Published
Well, I said it wouldn't happen to me... but it has. I have hit that "6 month slump" that some talk about. You know the one where you are positive and peppy and a go-getter just out of nursing school, and then at around 6 months, you get up one morning and hate your job?... Somewhere in the past week, I have developed an angry, cynical, depressive attitude toward nursing.

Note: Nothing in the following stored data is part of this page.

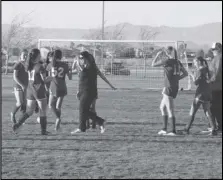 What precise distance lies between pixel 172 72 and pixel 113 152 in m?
2.36

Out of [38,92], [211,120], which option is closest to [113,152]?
[38,92]

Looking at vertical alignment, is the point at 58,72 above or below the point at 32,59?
below

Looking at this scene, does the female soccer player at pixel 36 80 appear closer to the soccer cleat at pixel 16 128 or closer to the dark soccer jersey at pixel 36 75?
the dark soccer jersey at pixel 36 75

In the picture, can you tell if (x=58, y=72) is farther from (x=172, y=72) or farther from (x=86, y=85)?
(x=172, y=72)

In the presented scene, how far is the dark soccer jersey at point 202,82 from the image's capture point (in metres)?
9.91

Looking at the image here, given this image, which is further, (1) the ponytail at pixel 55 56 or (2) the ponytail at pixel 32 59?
(1) the ponytail at pixel 55 56

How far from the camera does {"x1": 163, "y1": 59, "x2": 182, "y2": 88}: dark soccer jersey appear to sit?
9.82 meters

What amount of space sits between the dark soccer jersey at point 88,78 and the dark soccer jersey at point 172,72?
140 centimetres

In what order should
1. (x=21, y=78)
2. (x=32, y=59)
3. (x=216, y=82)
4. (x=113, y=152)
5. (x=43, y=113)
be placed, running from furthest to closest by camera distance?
(x=21, y=78)
(x=216, y=82)
(x=43, y=113)
(x=32, y=59)
(x=113, y=152)

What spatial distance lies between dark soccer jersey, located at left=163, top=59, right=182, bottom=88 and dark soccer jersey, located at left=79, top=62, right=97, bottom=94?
140 centimetres

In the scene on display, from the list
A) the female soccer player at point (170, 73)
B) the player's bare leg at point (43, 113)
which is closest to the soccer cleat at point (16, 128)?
the player's bare leg at point (43, 113)

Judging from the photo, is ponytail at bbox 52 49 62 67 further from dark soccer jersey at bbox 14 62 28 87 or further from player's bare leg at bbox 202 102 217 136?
player's bare leg at bbox 202 102 217 136

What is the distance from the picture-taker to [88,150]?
27.8 feet

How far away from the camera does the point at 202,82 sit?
1001 cm
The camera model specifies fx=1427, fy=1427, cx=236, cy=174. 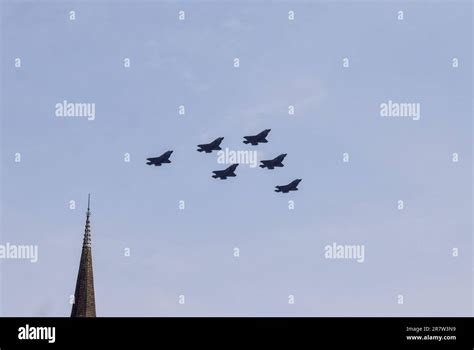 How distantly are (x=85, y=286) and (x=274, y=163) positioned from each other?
158 ft

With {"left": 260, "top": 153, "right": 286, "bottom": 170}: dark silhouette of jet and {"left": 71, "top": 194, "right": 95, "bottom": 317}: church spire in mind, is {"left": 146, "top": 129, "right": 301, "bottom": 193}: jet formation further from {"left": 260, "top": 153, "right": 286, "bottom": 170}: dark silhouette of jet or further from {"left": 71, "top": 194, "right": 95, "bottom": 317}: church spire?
{"left": 71, "top": 194, "right": 95, "bottom": 317}: church spire

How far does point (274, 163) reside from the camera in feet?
465

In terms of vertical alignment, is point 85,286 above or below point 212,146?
below

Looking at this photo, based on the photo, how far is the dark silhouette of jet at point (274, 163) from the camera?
14150 cm

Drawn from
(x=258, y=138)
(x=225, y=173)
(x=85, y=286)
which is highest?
(x=258, y=138)

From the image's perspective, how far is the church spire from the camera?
180 metres

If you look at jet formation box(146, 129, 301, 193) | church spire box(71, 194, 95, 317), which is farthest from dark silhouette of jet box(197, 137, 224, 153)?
church spire box(71, 194, 95, 317)

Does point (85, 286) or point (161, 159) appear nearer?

It could have to do with the horrid day I had on Oncology the other day (I am in float pool) where I got a horrible assignment and every pt was "needy" and I couldn't meet all of their needs and the CNA's don't help much on that floor, and the charge nurse wouldn't do what I asked of her until I bugged her several times and the doctors wouldn't come up and look at my pt's infected peg site that they just put in and yadda yadda yadda. Left there saying "I will never go back to that floor". OR it could be the clique on the Pediatrics Unit that sticks to their own and their charge nurse who always has an attitude with me and everyone else on the floor. OR it could just be me. Or it could be that I still don't feel as comfortable as I want to feel with my skills and hate having to ask questions after I have been doing this for 7 months now, and hate how there is so much I still don't know. At any rate... I'm bitter and angry and trying to snap out of it. I feel like a need a Carribean Vacation.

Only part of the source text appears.